## What you have to do
Set down, unchanged, the line holding "ICON8™ Black V2" and all lines that follow it to the end of the material, leaving pictures out.

******************************

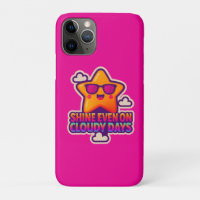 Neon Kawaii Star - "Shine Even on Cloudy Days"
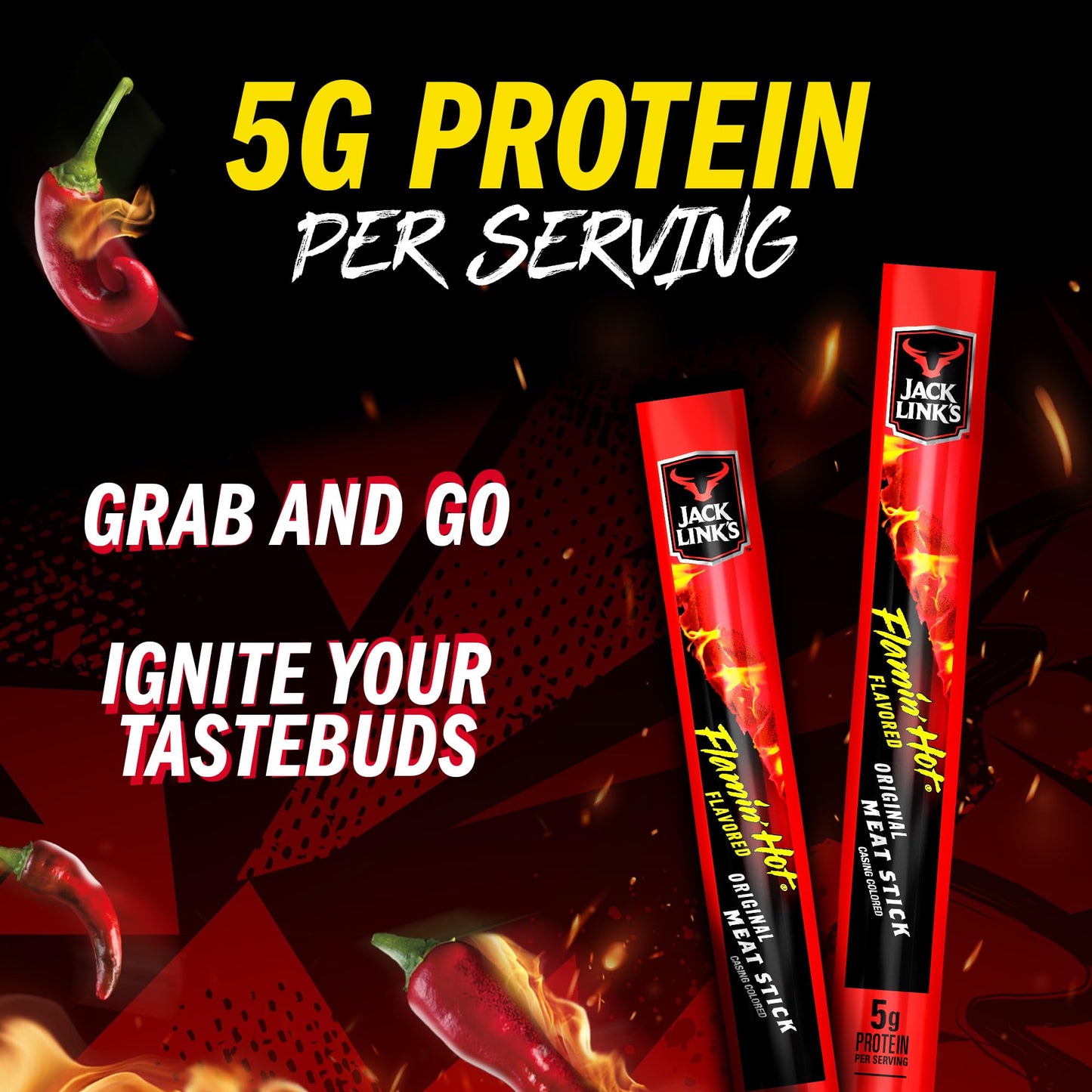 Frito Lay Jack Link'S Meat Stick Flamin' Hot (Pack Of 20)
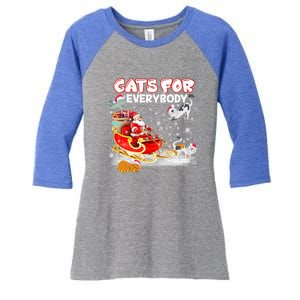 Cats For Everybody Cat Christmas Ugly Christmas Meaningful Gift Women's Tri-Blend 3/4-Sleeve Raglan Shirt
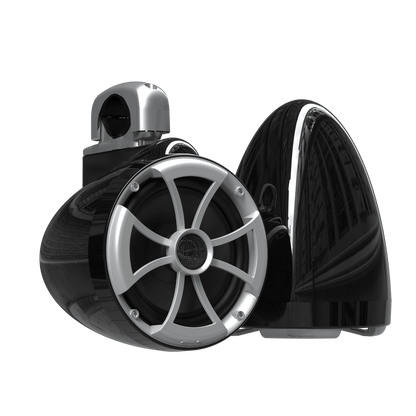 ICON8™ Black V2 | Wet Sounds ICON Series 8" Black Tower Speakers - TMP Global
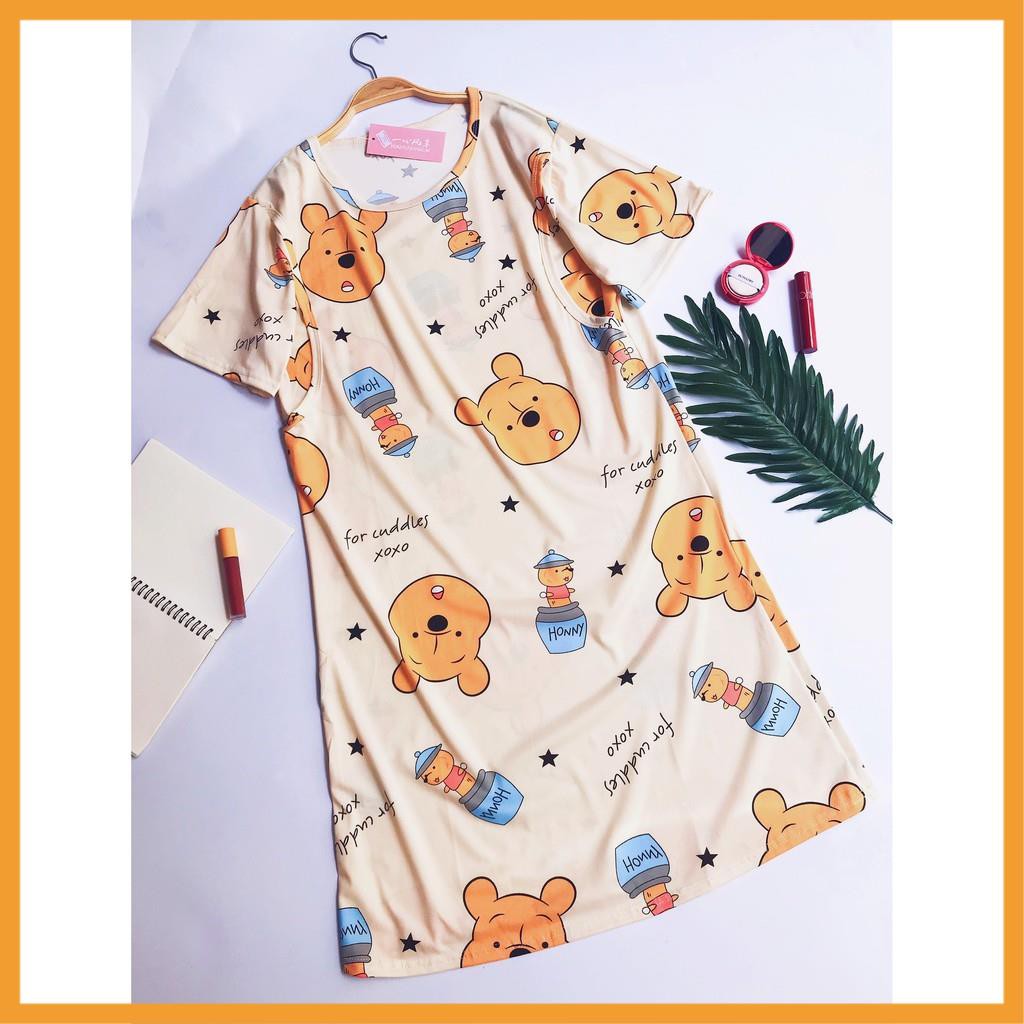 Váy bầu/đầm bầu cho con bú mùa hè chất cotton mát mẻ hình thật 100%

******************************

## Exercise result
 ICON8™ Black V2 | Wet Sounds ICON Series 8" Black Tower Speakers - TMP Global
 Váy bầu/đầm bầu cho con bú mùa hè chất cotton mát mẻ hình thật 100%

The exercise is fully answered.